Thanks for the comment. It helps me think how to clarify what I was trying to say.

What I wanted to express is that using JSON Schema (or any such) for validation encounters a many-to-one mapping from multiple possible types across any/all given programming languages to a single JSON Schema form. That is, instances of multiple programming language types may be serialized to JSON such that their data may be validated according to a single, common JSON Schema form. This is fine, no problem.

OTOH, using JSON Schema (or any such) for codegen reverses that mapping to be one-to-many. It is this that leads to ambiguity and problems.

Restricting to a subset of JSON Schema is only goes so far. For example, we can not discard JSON Schema `object` as it is too fundamental. But, given a simple `object` schema that happens to specify all properties have a common type `T` it is ambiguous to generate C++'s `class` or `struct` or a `std::map<string,T>`. Likewise, a JSON Schema `array` can be mapped to a large set of possible collection types.

To fight the ambiguity, one possibility is to augment the schema with language-specific information. At least, if we have a JSON Schema `object` we may add a (non `required`) property to provide a hint. Eg, we may add `cpp_type` propety. Then, typically, the overhead of using a codegen schema is only beneficial if we will generate code in multiple languages. So, this type hinting approach means growing our hints to include a `java_type`, `python_type`, etc. This is minor overhead compared to writing language types in "long hand" but still somewhat unsatisfying. With enough type-theory expertise (which I lack) perhaps it is possible to abstractly and precisely name the desired type which then codegen for each language can implement without ambiguity. But, given the wealth of types, even sticking with just a programming language's standard library, this abstraction may be fraught with complication. I think of the remaining ambiguity between specifying use of C++'s `std::map` vs `std::unordered_map` given an abstract type hint of, say, `associative_array`. Or `std::array`, `std::list`, `std::vector`, `std::tuple` if given a JSON Schema `array`).

I don't think this is a failing of JSON Schema per se but is an inherent problem for any codegen schema to confront. Something new must enter the picture to remove the ambiguity. In (my) practice, this ambiguity is killed simply by making limiting choices in the implementation of the codegen.

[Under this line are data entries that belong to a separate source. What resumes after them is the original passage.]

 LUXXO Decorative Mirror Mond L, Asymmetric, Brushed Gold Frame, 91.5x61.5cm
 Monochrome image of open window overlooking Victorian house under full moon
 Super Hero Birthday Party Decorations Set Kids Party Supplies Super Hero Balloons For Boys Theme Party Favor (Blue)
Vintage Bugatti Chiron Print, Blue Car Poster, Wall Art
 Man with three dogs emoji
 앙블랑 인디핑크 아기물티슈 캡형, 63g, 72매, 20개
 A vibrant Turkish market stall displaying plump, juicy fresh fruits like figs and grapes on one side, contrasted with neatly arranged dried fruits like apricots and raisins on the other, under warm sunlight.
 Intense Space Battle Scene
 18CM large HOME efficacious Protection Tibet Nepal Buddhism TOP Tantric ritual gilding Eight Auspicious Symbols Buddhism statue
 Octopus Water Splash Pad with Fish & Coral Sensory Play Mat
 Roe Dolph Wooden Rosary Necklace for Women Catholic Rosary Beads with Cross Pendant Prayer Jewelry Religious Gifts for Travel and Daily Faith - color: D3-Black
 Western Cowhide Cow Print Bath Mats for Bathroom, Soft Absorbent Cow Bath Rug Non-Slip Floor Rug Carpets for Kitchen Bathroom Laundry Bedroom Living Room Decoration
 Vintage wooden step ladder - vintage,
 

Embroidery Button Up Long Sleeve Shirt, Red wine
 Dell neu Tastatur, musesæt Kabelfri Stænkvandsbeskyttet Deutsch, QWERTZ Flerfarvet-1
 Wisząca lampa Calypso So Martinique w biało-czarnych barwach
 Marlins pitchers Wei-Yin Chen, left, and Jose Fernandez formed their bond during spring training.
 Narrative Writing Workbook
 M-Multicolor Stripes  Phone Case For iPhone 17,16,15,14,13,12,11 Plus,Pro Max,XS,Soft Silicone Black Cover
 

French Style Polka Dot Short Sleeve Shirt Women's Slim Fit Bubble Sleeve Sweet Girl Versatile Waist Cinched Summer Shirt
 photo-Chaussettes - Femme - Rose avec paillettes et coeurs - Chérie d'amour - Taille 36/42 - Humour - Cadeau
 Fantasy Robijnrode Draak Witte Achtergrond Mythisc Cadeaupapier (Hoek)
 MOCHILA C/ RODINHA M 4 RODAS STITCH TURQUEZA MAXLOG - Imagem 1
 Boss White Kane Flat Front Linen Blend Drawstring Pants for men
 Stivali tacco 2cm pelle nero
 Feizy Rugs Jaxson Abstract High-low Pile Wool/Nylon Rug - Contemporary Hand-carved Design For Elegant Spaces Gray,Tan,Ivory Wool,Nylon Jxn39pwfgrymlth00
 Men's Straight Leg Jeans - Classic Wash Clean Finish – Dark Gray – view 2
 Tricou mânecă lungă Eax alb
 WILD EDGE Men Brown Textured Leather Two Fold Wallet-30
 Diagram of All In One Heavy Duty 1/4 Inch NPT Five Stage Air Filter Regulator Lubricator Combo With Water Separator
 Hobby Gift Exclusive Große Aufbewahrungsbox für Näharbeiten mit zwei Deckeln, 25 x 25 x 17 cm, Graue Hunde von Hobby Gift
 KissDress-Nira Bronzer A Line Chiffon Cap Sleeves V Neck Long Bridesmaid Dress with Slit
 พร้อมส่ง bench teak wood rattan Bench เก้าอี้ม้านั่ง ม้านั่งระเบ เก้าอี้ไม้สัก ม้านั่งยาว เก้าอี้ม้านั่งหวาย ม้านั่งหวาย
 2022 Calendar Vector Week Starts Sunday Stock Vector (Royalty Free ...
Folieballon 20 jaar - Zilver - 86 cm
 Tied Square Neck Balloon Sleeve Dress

This is fine until it isn't and the user says, "what do you mean I can't generate a `std::map`!". Ask me how I know. :)

dtech · on May 15, 2023

Clear, yes, that is indeed a problem. I haven't personally encountered this to be a huge problem, but that might be ecosystem dependent.

baudehlo · on May 10, 2023

I mean the parent said OpenAPI + JSON Schema, not JSON Schema alone. OpenAPI has a ton of generators that are tweakable in the extreme.